Elisabeth Kubler-Ross, the famous psychologist, says, “Our only purpose in life is growth. There are no accidents.”
Lobsters outgrow their shells. As they grow in their outer casings, they become so uncomfortable that it’s impossible for them to live in the same shells. In fact, if they are to survive, they have to grow bigger shells. They do this by venturing out into an ocean, completely unprotected from predatory fish. They do this alone and in the open. The entire outer sheath comes off and the pink membrane inside grows to become a harder, bigger shell.
Like a lobster, if you remain the way you are, you’ll become cramped, overgrown or worse, figuratively dead. Older people tend to become more of what they have always been! They lack the courage to change or face the rough sea ahead. Growth is not an accessory, it’s a continuous process. Change is mandatory, since imagination, courage, daring and constant learning belong to us through our lives. And no one, but you, is responsible for your growth, happiness or rejuvenation. I know of a man who asked his wife of fifty-four years, to write a list of things that would make her truly happy. Every single thing in the list depended on him. How can her life become more fulfilling? How can her life get bigger if she’s always depending on someone else to make changes necessary for a happier and more fulfilling existence?
It’s never too late to change, to make old dreams come true or to dream new ones. At the age of sixty-five, Laura Ingalls Wilder published ‘Little House in the Big Woods’, the first of her eight-volume ‘Little House’ series. At sixty-seven, Louise Arner Boyd became the first woman to fly over the North Pole. At ninety, Jenny Wood-Allen of Scotland completed the London Marathon in eleven hours, thirty-four minutes – she had run her first marathon at the age of seventy-one! Winston Churchill deserved a rest after World War – II, but instead took up a pen and won the Nobel Prize for literature, at age seventy-nine!
Late American jurist, Oliver Wendell Holmes’ friend asked him why he had taken up learning Greek at the age of ninety-four. Holmes replied, “Well, my good sir, it’s now or never.” When JC Penny was ninety-five years old, he affirmed, “My eyesight may be getting weaker, but my vision is increasing.”
Sadly, for many, aging finds us smaller, diminished and living in cramped shells that we should have abandoned years ago. We always want to avoid discomfort, long lines, foreign travel or new foods. We protect and overprotect our lives until we have no lives beyond sitting in front of a television, wearing our slippers, watching other people live, create, laugh and love. People who ‘check out’ this way because they think they’re too old to participate in the land of the living, become too old to participate. Remember – just coz you’re near the top of the hill, doesn’t mean you’ve passed your peak!

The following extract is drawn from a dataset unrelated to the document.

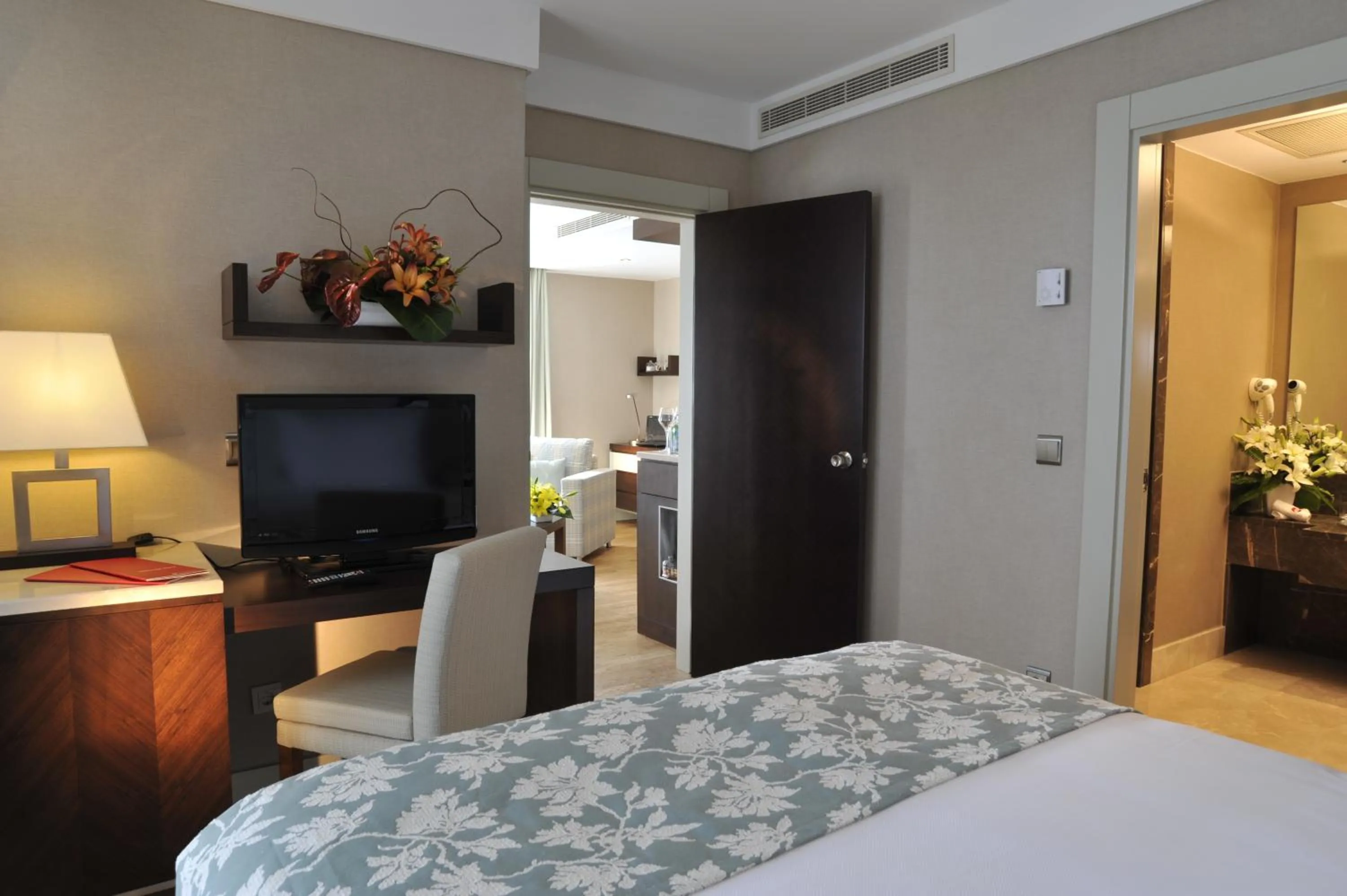 Seating area, Bed in Ramada Plaza Antalya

As missionary and philosopher, Albert Schweitzer said, “The tragedy of life is not in the fact of death. The tragedy of life is in what lies inside a man while he lives – the death of genuine feeling, the death of inspired response, the death of awareness that makes it possible to feel the pain or the glory of other men in oneself.” The loss of our capacity to feel, to notice and to care, shrinks both – our world and ourselves, as we age. Old age has a purpose, and we can choose to either sacrifice it or actualize it.
We have a choice between decay and growth, between a resounding ‘yes’ to life and a feeble, fearful ‘no’. As Bob Dylan said, “If you aren’t busy being born, you are busy dying.” We all must re-engage our zest for life and optimism for the future, hoping that the best is yet to be. Not a hope for immortality or revived youth, and not a hope for a retreat into the past – because that’s where we are comfortable. Rather, the hope for a continued search, in each and every precious moment, for the source of our better selves.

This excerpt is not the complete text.